With these concepts in mind, Danilowicz exhibits roughly 80 small pen drawings on paper (with four larger paintings in the Corrine Woodman II), each completed daily beginning in April 2024 and concluding in July 2024 – conversing with one another and strengthening the group, as they refer to, but try not break, that 4th wall.

The viewer is encouraged to consider all the possible definitions of the 4th Wall – the invisible theatrical wall that separates the artist from the viewer, the Corrine Woodman Gallery’s missing physical wall, and the 4th wall near the back entrance of the building…


NATHAN DANILOWICZ (b. Pennsylvania, USA) works in a variety of media including painting, drawing, sculpture, installation, book-making, and photography. His focus is on abstract drawing and painting as well as architecturally-inspired installations. He is developing a visual language that transcends economic, cultural, and geo-political backgrounds. In addition to these concerns are my varied interests in the
unconscious to create works that point to our shared technological dystopia, beauty, and the unknown. By exploring the spaces where modernism, ritual, cryptography, and mysticism commingle, he aims to create artworks that are fresh, yet oddly familiar and timeless.

Danilowicz earned his MFA from the University of California, Los Angeles in 2007, and a BFA from the Maryland Institute, College of Art in 2002. His most recent work has been described as conceptual strategies of painterly abstraction and sci-fi shamanism.

A MacDowell Colony Residency Fellow, he has exhibited nationally and internationally.
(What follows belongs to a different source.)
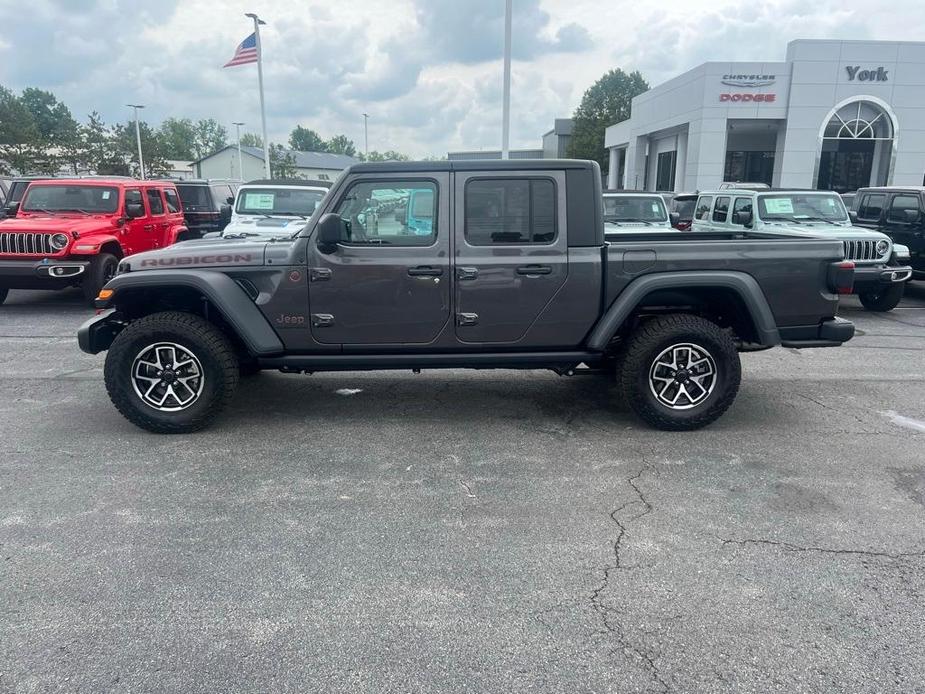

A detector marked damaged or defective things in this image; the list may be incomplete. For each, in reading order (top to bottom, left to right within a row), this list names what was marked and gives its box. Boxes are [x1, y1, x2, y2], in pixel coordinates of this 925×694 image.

Solo exhibitions include Linda’s, Latned Atsär, and RAID Projects in Los Angeles; Crisp London/Los Angeles; and the H. Lewis Gallery in Baltimore. His numerous group exhibitions include shows the Hammer Museum, Torrance Art Museum, Cal State University, Los Angeles Contemporary Exhibitions, Santa Monica Museum of Art, California State University Northridge, Cirrus Gallery, Telic Arts Exchange, Raid Projects, Coachella Valley Art Center, Eighth Veil, 533 Gallery, Bonelli Contemporary, and Art LA Contemporary in Los Angeles; Locust Projects and TwentyTwenty Projects in Miami; Lust Gallery in Vienna, Galerie Françoise E.S.F in Baltimore, The Green Gallery East in Milwaukee; Queen’s Nails Annex at the Waypoint in Marfa, TX; and The Luggage Store in San Francisco, as well as the Fairbanks Gallery at Oregon State University.

He has written for the publication artUS, and his work has appeared in TimeOut London, Miami New Times, The Baltimore Sun, Baltimore’s City Paper, DIAGRAM, New American Paintings, PRISM Index, and Beautiful Decay. In addition, he has self-published numerous works of fiction, poetry, and sequential art.

While at UCLA, Danilowicz studied New Genres under Chris Burden, Jennifer Bolande, Andrea Fraser, Donn Suggs, Lari Pittman, Charles Ray, Mary Kelly, Jeffrey Vallance, Ron Athey, and John Baldessari to name a few. While at the Maryland Institute, College of Art, he studied art history and theory under T.J. Demos as well as poetry under John Yau. He has worked as a studio assistant for Jason Rhoades, Won Ju Lim, and later for Mike Kelley. In addition, he has collaborated on text/image projects with writer and theorist Lawrence Rickels as well as fiction writer Brian Evenson.